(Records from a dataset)

[Start of section]

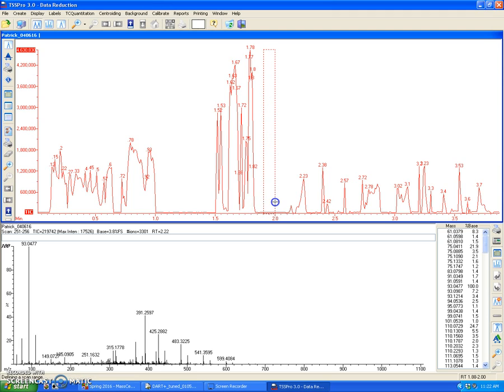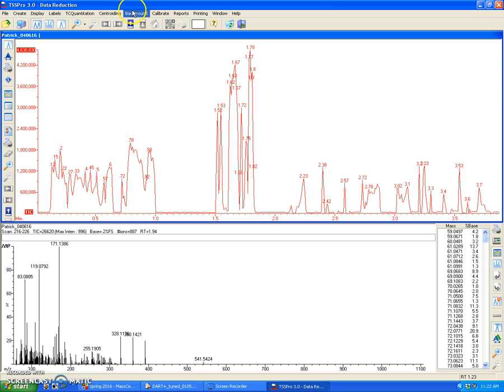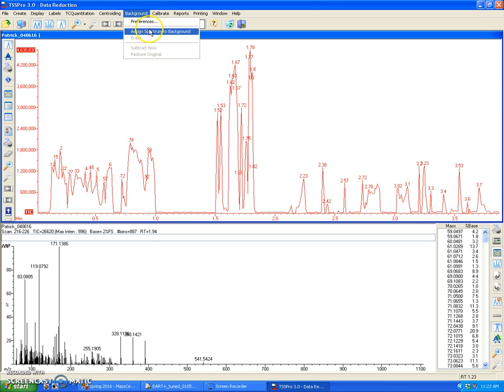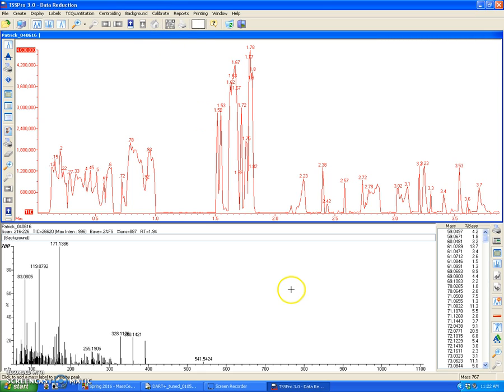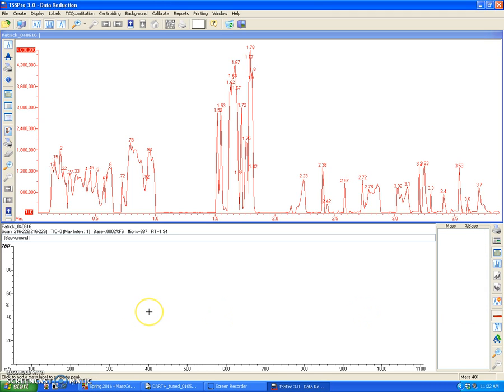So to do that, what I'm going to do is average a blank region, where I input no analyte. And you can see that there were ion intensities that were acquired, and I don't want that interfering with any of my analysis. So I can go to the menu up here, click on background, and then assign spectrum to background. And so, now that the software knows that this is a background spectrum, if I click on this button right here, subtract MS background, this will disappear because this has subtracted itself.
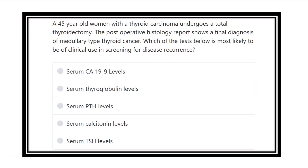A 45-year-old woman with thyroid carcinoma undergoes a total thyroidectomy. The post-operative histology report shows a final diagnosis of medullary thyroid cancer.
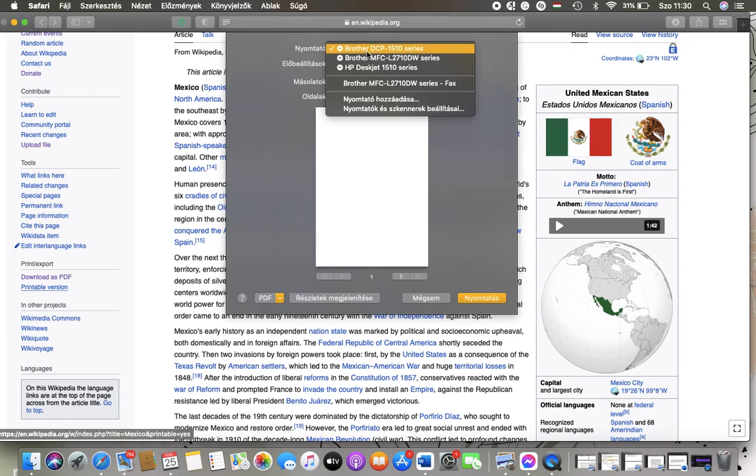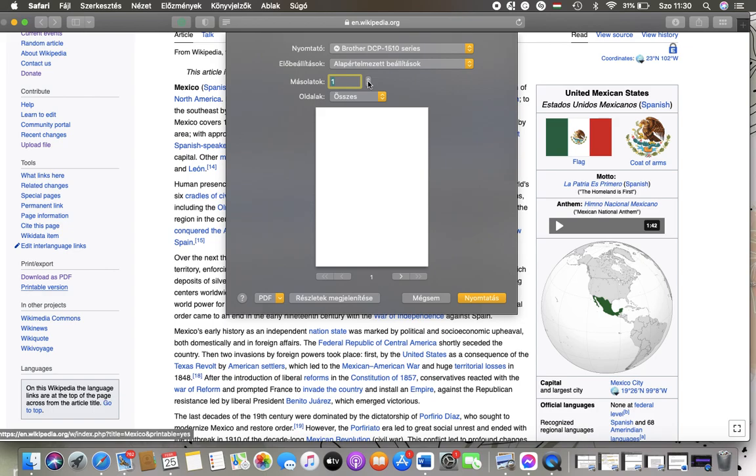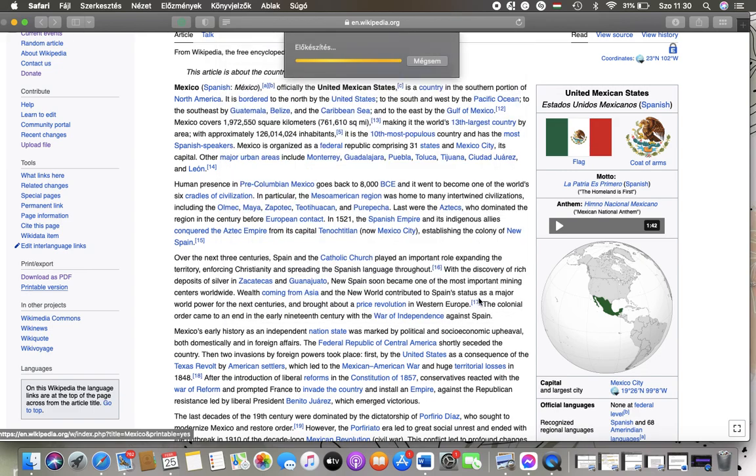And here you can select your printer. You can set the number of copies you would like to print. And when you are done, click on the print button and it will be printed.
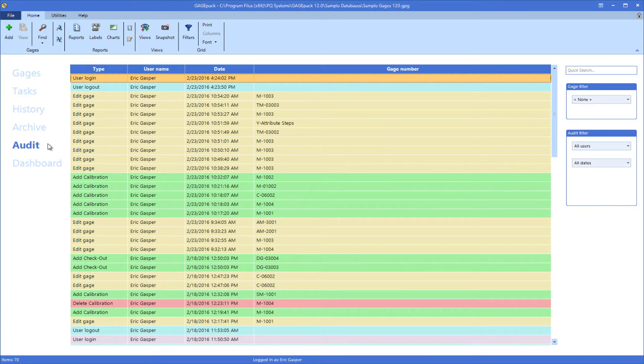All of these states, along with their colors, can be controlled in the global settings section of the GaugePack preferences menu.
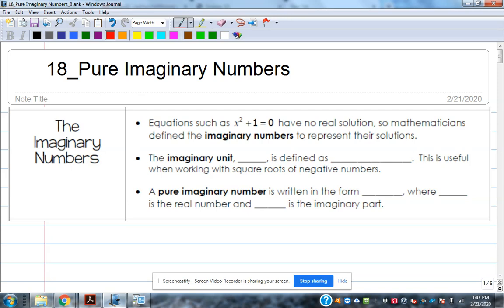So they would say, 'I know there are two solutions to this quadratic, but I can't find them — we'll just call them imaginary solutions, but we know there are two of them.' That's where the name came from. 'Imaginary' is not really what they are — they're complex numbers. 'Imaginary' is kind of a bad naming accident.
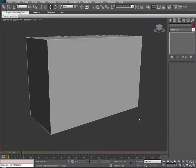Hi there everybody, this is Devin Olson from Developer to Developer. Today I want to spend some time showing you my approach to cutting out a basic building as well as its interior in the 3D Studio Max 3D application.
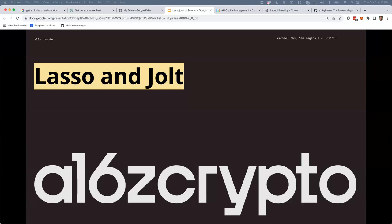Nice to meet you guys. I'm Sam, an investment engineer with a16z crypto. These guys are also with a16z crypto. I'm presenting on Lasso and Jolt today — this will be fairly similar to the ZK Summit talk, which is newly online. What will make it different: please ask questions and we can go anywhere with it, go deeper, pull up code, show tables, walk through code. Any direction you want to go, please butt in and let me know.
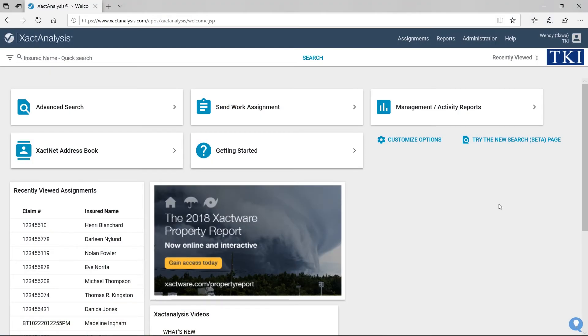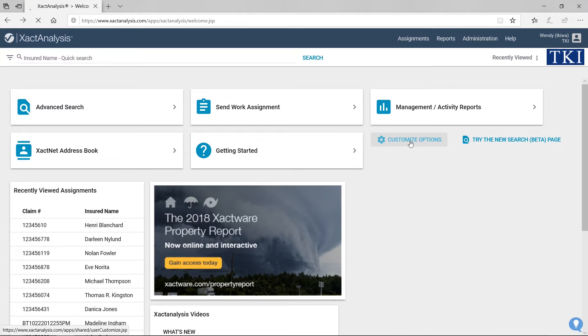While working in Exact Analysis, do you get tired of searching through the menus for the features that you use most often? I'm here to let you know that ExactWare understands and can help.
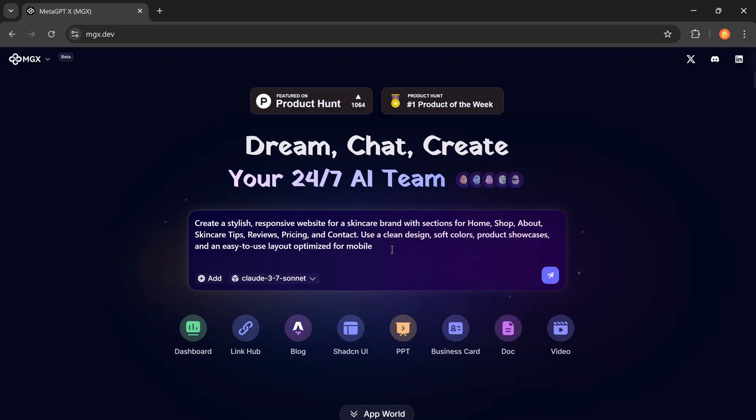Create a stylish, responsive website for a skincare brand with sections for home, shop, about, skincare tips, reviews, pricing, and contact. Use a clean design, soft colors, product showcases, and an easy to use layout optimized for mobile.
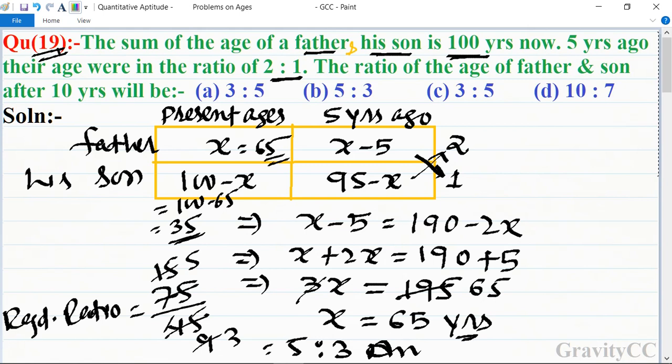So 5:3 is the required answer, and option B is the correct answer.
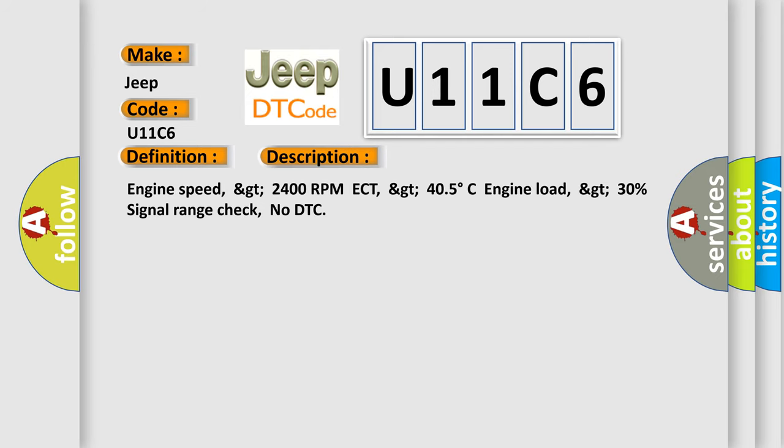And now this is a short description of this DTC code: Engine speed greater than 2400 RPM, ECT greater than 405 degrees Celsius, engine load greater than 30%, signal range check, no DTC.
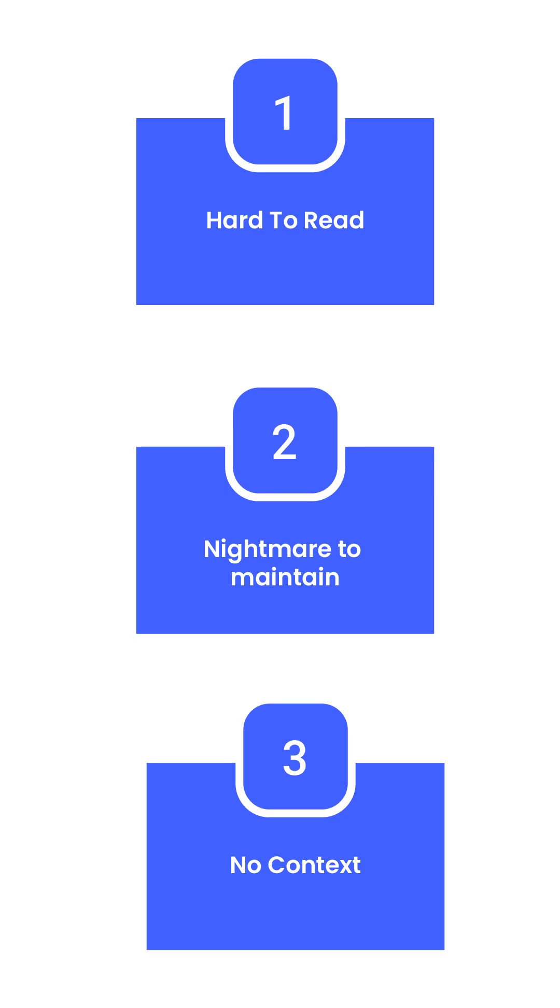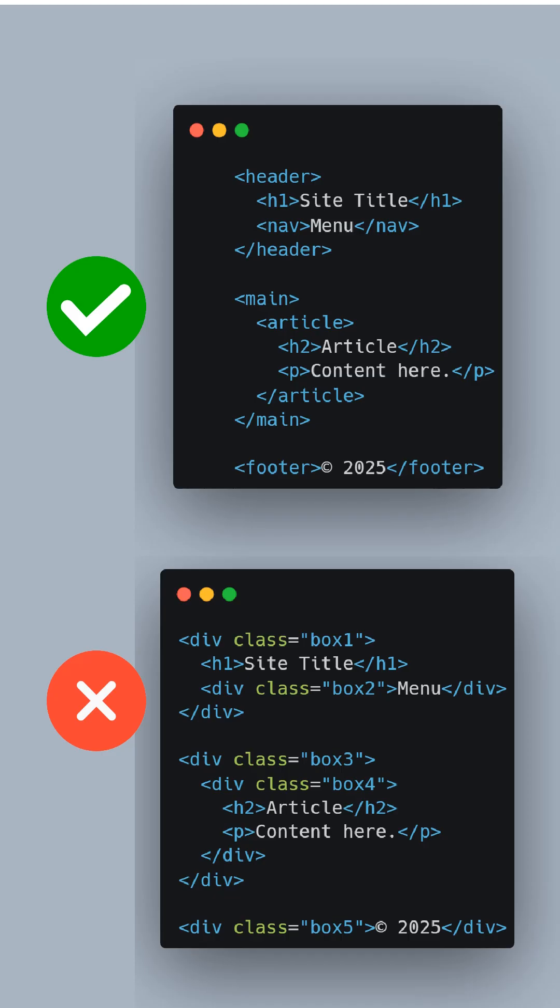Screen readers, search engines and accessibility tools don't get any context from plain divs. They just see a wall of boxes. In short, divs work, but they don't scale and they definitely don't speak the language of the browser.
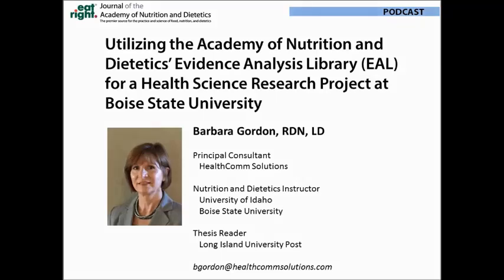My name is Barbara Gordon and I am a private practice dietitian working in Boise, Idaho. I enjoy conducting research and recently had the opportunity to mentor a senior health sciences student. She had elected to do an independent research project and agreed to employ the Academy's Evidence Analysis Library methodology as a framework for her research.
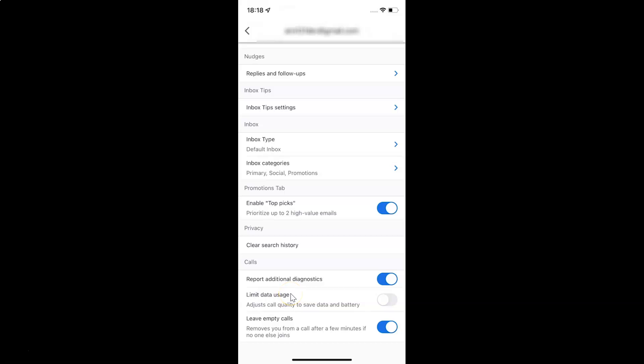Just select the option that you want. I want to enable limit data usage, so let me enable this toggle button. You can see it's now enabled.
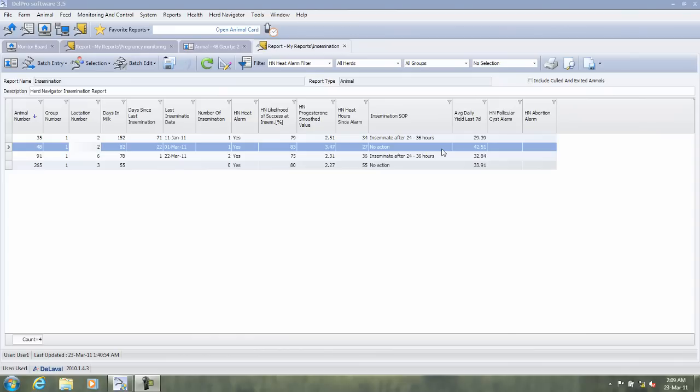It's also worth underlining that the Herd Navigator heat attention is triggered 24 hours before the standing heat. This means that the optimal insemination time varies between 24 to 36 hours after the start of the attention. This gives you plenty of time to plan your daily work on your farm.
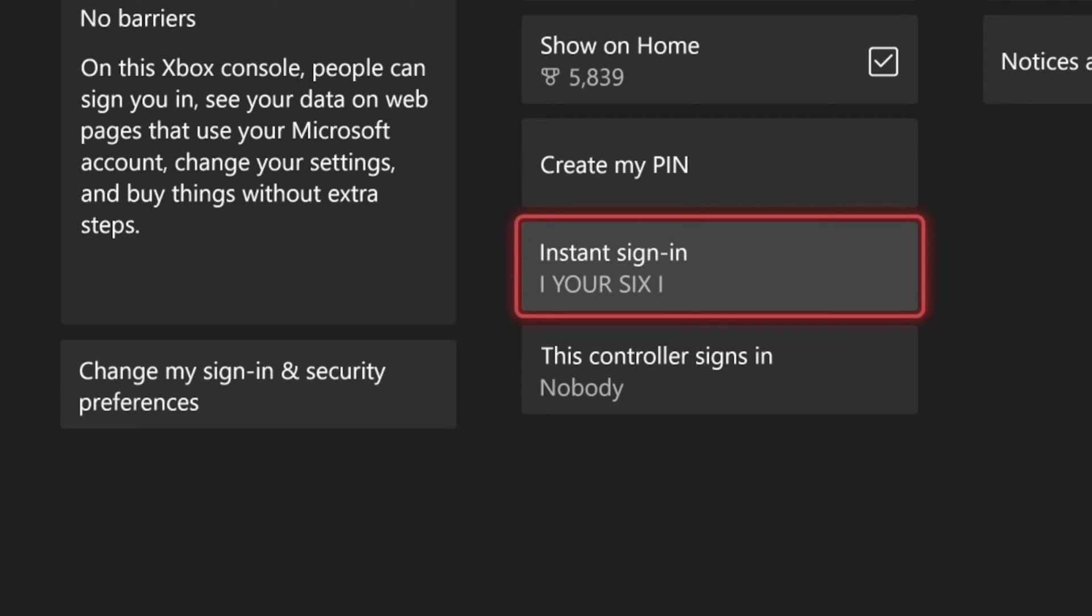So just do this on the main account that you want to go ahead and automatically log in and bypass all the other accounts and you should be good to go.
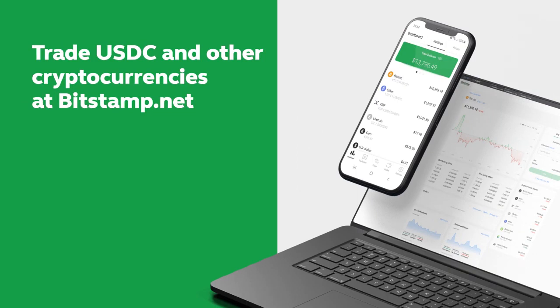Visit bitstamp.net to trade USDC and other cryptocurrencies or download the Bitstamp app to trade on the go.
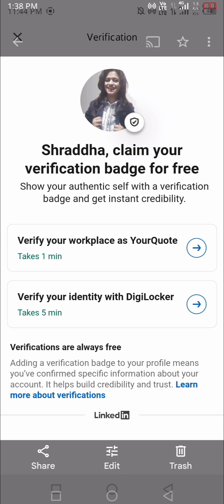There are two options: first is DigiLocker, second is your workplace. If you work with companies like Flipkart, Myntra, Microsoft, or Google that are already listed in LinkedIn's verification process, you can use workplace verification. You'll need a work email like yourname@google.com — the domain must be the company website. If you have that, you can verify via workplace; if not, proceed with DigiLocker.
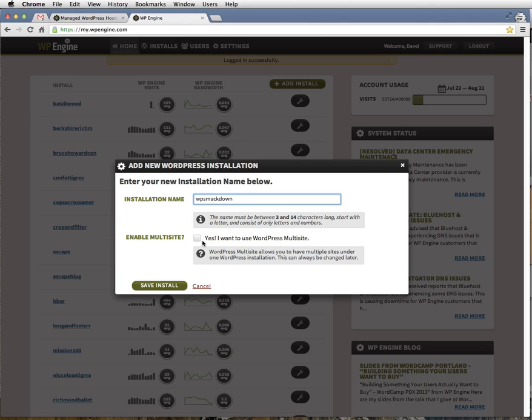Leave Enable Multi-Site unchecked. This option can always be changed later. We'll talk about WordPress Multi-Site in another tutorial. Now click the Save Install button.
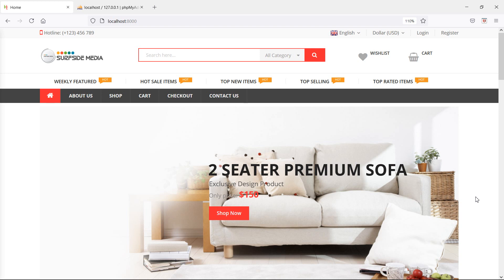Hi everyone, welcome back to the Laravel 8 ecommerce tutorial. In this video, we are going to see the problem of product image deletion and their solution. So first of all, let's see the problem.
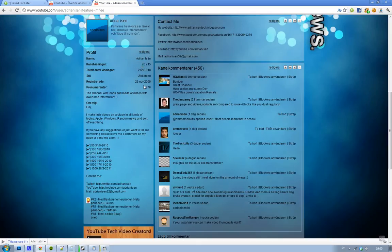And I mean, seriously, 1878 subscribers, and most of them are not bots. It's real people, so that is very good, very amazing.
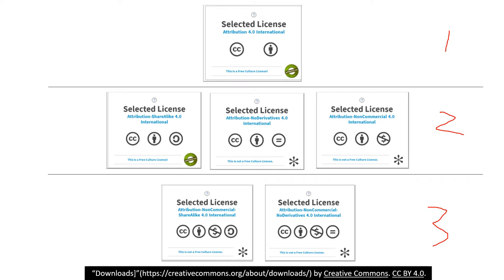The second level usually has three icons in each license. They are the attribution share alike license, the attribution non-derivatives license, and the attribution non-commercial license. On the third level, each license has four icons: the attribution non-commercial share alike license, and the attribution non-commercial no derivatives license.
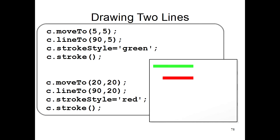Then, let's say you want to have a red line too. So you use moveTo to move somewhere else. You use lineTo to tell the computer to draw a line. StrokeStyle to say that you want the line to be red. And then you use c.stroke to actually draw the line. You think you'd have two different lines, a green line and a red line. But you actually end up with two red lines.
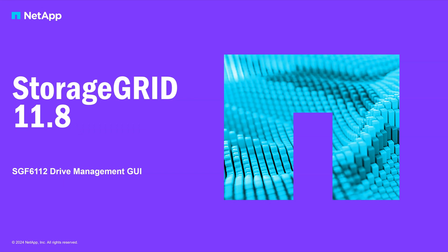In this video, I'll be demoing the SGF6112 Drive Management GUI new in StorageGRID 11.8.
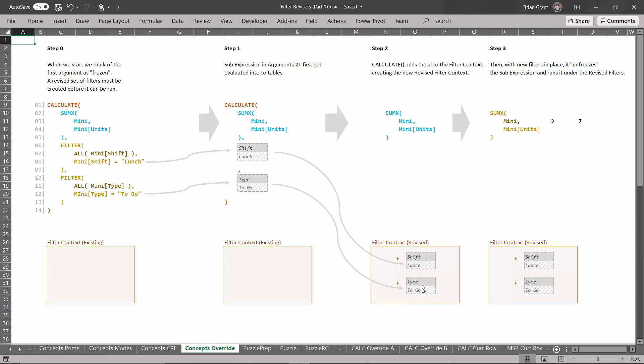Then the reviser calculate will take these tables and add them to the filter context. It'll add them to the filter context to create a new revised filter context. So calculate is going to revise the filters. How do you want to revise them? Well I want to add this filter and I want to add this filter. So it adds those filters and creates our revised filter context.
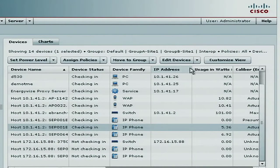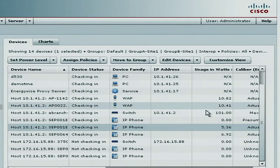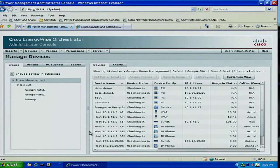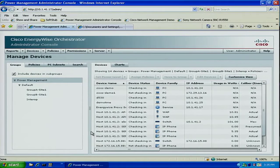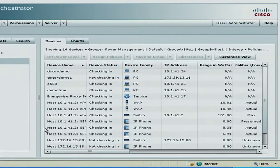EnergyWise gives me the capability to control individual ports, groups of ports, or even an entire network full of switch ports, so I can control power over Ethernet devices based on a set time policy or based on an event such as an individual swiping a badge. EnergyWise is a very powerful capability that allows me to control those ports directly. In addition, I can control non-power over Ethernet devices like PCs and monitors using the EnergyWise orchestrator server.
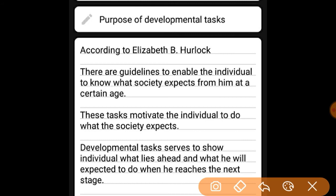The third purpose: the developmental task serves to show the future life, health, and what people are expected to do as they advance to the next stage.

[End of section]

• WHAT TO PRODUCE:
From the line holding "The second level" to the line holding "Then the reviser", both included, retype the entries above exactly and drop the pictures.

• ANSWER SPACE:
The second level usually has three icons in each license. They are the attribution share alike license, the attribution non-derivatives license, and the attribution non-commercial license. On the third level, each license has four icons: the attribution non-commercial share alike license, and the attribution non-commercial no derivatives license.
Then, let's say you want to have a red line too. So you use moveTo to move somewhere else. You use lineTo to tell the computer to draw a line. StrokeStyle to say that you want the line to be red. And then you use c.stroke to actually draw the line. You think you'd have two different lines, a green line and a red line. But you actually end up with two red lines.
In this video, I'll be demoing the SGF6112 Drive Management GUI new in StorageGRID 11.8.
Then the reviser calculate will take these tables and add them to the filter context. It'll add them to the filter context to create a new revised filter context. So calculate is going to revise the filters. How do you want to revise them? Well I want to add this filter and I want to add this filter. So it adds those filters and creates our revised filter context.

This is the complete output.